At present, the popular approaches to control the transmission of respiratory infectious diseases are targeted quarantine/vaccination, i.e., selecting a collection of individuals for quarantine or vaccination. The percentage of individuals selected is denoted as quarantine/vaccination coverage. A variety of network-based selection strategies have been proposed according to individual’s characteristics calculated based on CPI networks, including degree (contact number), strength, betweenness, clustering coefficient (CC) and the primary eigenvector4. In this study, the disease control strategies were simulated by removing the selected individuals from the CPI network followed by running the SEIR models. We evaluated the following network-based strategies for disease control, including degree strategy, strength strategy, CC strategy, betweenness centrality strategy and eigenvector centrality strategy (Supplementary Methods).

Besides these network-based strategies, class cancelation is also commonly applied as a disease control strategy in boarding schools14. During class cancelation period in boarding schools, all students are ordered to stay within the campus, with all classes cancelled, thus showing a CPI pattern nearly identical to that at weekends. In our study, class cancelation was simulated by simply replacing the CPI networks at weekdays with the CPI networks at weekends.

The platform for disease spread simulating and quarantine/vaccination strategies evaluating are accessible via http://bioinfo.ict.ac.cn/pearl/.

Results

Analyzing real CPI networks in two representative Chinese colleges

Using the PEARL application, we collected real CPI data from two representative Chinese colleges, namely, SCAU and USTB. Figure 1 shows two examples of the SCAU CPI networks acquired on October 31, 2011 (weekday, denoted as SCAU1031) and November 5, 2011 (weekend, denoted as SCAU1105), where nodes represent students and edges represent CPIs, with line width proportional to the aggregate interaction duration during one day. Supplementary Fig. S2 shows two examples of USTB CPI networks in the same manner.

Figure 1
figure 1

Real CPI networks acquired on October 31 (Monday) and November 5 (Saturday), 2011 in SCAU, denoted as (A) SCAU1031 and (B) SCAU1105, respectively. Here, a node represents an individual student. If there is a CPI between two students, an edge is drawn between the two corresponding nodes with line width proportional to the aggregate CPI duration in the entire day. The two CPI networks are shown as examples since the CPI networks on weekdays exhibit nearly identical characteristics and so do those on weekends (Supplementary Fig. S1).

In fact, the real CPIs can be divided into two categories according to interaction duration, namely, transient CPIs formed by purely random interactions and regular CPIs representing meaningful interactions among students4. We therefore employed a mixture statistical model to describe the CPI durations (Supplementary Methods S1) and determined the optimal duration threshold to distinguish these two categories as 30 minutes (Supplementary Fig. S3). To remove the biases in network statistics introduced by purely random CPIs, the CPIs with an aggregate duration of less than 30 minutes were filtered out before calculating network statistics.

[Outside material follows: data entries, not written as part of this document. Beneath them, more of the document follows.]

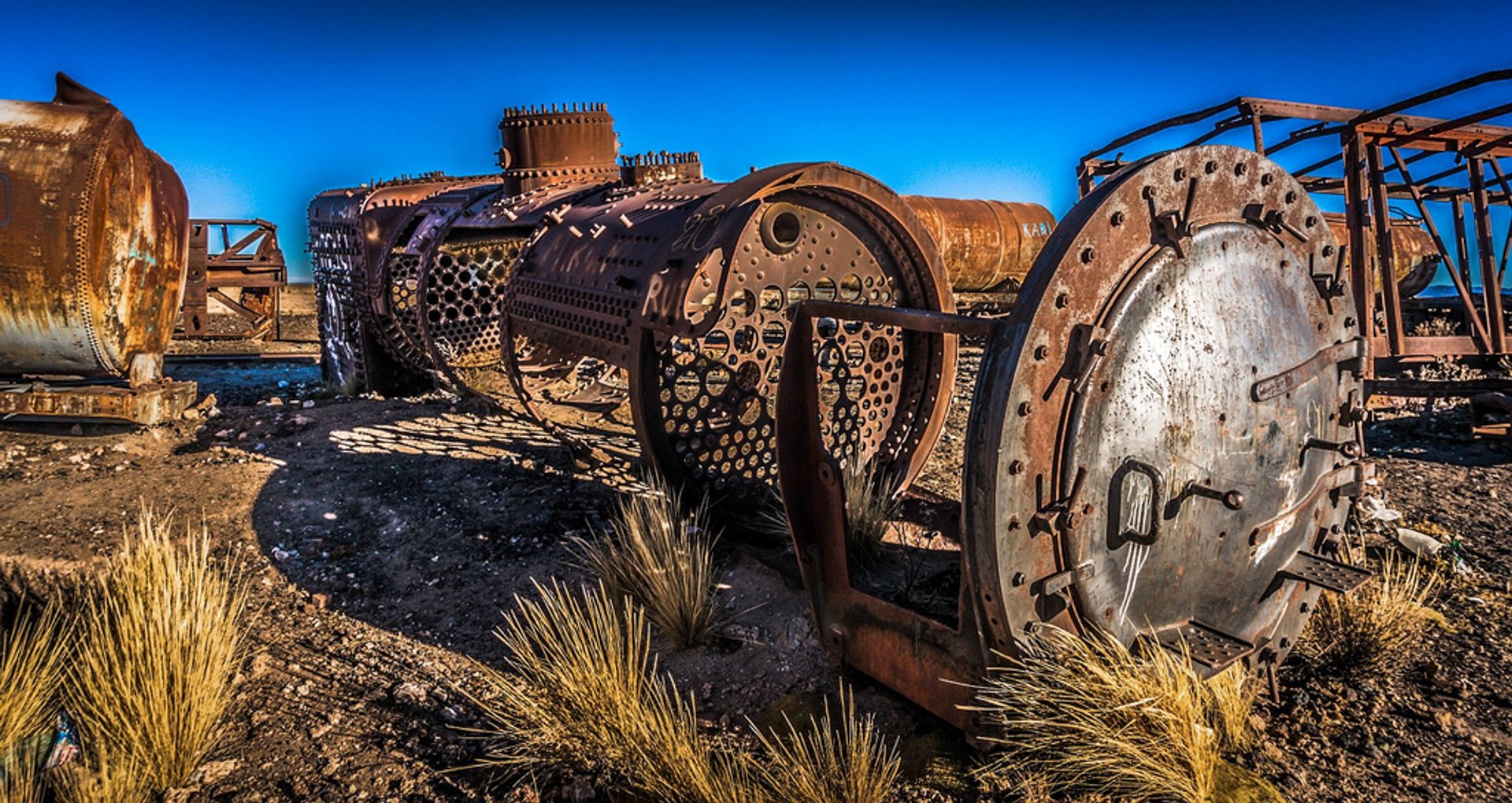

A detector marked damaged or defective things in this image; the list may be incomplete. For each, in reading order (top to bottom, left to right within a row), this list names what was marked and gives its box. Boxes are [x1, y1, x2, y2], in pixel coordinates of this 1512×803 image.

rusted metal cylinder [0, 73, 187, 381]
corroded steel surface [0, 71, 189, 379]
rusted tank car [0, 73, 189, 385]
rusty locomotive boiler [0, 74, 196, 423]
rusted metal debris [0, 74, 196, 423]
rusted metal debris [178, 217, 287, 340]
rusted steel truss frame [181, 216, 287, 339]
corroded steel surface [895, 196, 1052, 293]
rusted metal cylinder [901, 196, 1058, 293]
rusty orange tank end [901, 196, 1058, 293]
rusted steel truss frame [1082, 70, 1506, 372]
rusted metal cylinder [1324, 213, 1439, 298]
corroded steel surface [1324, 213, 1439, 298]
corroded steel surface [774, 146, 1366, 735]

To understand the detailed characteristics of real CPI networks, a collection of idealized CPI networks was constructed for comparison, including small-world (SW) networks generated using the Newman-Watts model, scale-free (SF) networks generated using the Barabási-Albért model and uniformly-random (UR) networks generated using the Erdös-Rényi model20. For unbiased comparison, all the idealized CPI networks were generated with identical numbers of individuals and CPIs to counterpart real CPI networks (Supplementary Methods). To understand the distinct characteristics of CPI networks in Chinese colleges, we compared them with the real CPI networks acquired using Bluetooth and similar wireless techniques from a US undergraduate dormitory (denoted as USD)11, a US high school (denoted as USHS)4 and a French primary school (denoted as FRPS)12. For both real and idealized CPI networks, a variety of descriptive statistics were calculated, including degree distribution, CC, efficiency, modularity and periodicity (see Supplementary Methods for detailed definitions).

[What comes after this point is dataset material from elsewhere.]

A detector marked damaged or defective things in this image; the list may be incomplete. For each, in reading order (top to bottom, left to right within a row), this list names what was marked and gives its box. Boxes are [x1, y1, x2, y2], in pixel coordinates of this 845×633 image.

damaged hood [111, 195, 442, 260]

It is worth pointed out that the generated idealized networks are un-weighted and the network statistic calculations are applicable only to un-weighted networks, too. For fair comparison, un-weighted version of real CPI networks should be employed. A straightforward strategy to achieve this objective is to simply ignore the duration of real CPIs, no matter how strong or weak they are. However, this strategy might lead to deviation in calculation of network statistics, as CPIs greatly vary in durations (Figs 1 and S2). In fact, the CPI durations can be perfectly fitted by the mixture of a Poisson distribution and a truncated Gaussian distribution (Supplementary Methods and Supplementary Fig. S3). These two distributions were used to describe transient CPIs formed by purely random interactions and regular CPIs representing meaningful interactions among students, respectively. Based on the intersection point of these two distributions, a threshold to separate transient and regular CPIs can be reasonably determined as 30 minutes, i.e., CPIs with duration no more than 30 minutes were treated as transient. Here, only regular CPIs were considered in calculations of network statistics and idealized networks were generated with same size to the real CPI networks with transient CPIs removed.

The analysis of network statistics are described as below.

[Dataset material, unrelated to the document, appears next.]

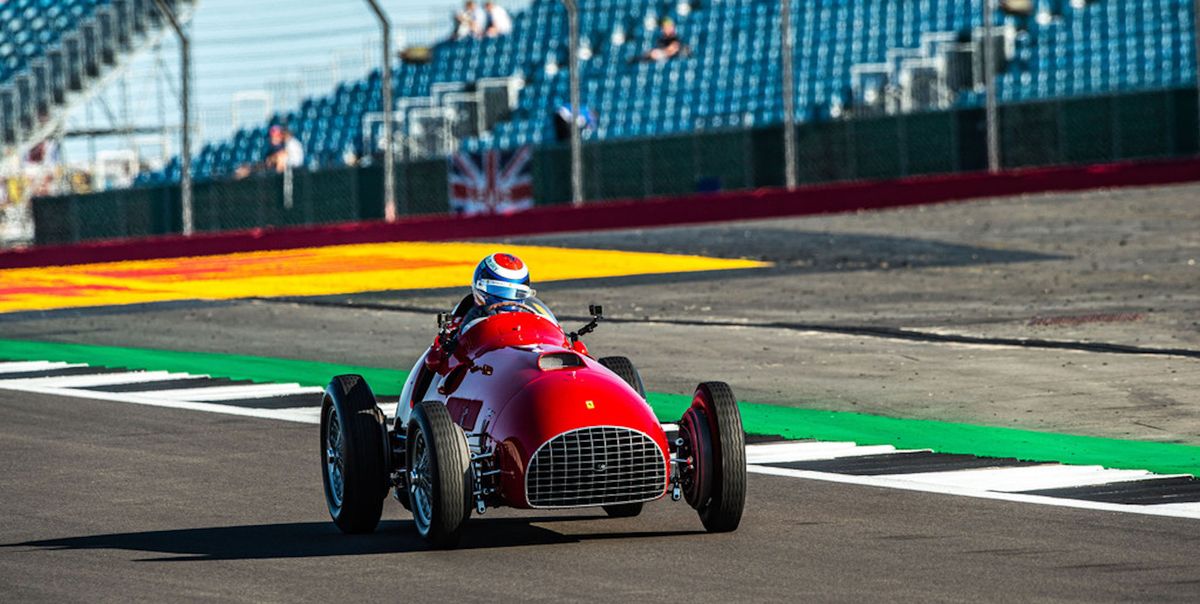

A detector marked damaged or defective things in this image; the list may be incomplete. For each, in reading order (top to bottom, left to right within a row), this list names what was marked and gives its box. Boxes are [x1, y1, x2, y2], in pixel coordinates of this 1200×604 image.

exposed wheel [600, 356, 648, 398]
exposed wheel [322, 376, 386, 536]
exposed wheel [408, 402, 474, 548]
exposed wheel [680, 382, 744, 532]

  • Degree distribution: In a CPI network, the degree of an individual refers to the number of partners that have interactions with this individual. It is well known that a uniformly random network approximates a Poisson degree distribution and that a scale-free network is featured by its power-law degree distribution; thus, degree distribution is commonly used as a criterion to judge whether a network is scale-free or uniformly random20.As shown in Fig. 2, the SCAU1031 network has a degree distribution that is significantly different from both the Poisson distribution and power-law distribution. Thus, the CPI networks acquired on weekdays are neither uniformly random nor scale-free. However, SCAU1105, a CPI network acquired on a weekend, exhibits a typical power-law degree distribution. This observation is consistent with the viewpoint that on weekends, CPI networks are mainly determined by friendship among students10 and friendship networks usually exhibit a power-law degree distribution21. Similar observations were made from other real CPI networks in SCAU (shown in Supplementary Fig. S4).

    Figure 2
    figure 2

    Degree distribution of SCAU1031 network (panels A,B) and SCAU1105 network (panels C,D). Panels A and C are shown in linear scale, while panels B and D are shown in log-log scale. As shown in panel A, the degree distribution of the SCAU1031 network can be well fitted by applying a mixture of two Gaussian distributions (blue line), which significantly deviates from the idealized Poisson distribution of the counterpart uniformly-random network with the same number of nodes and edges (red line). As shown in panel B, the SCAU1031 network exhibits a degree distribution significantly different from the power-law distribution. Thus, the CPI data acquired on weekdays are neither uniformly random nor scale-free. In contrast, SCAU1105, a CPI network acquired on a weekend, exhibits a typical power-law degree distribution (panels C,D).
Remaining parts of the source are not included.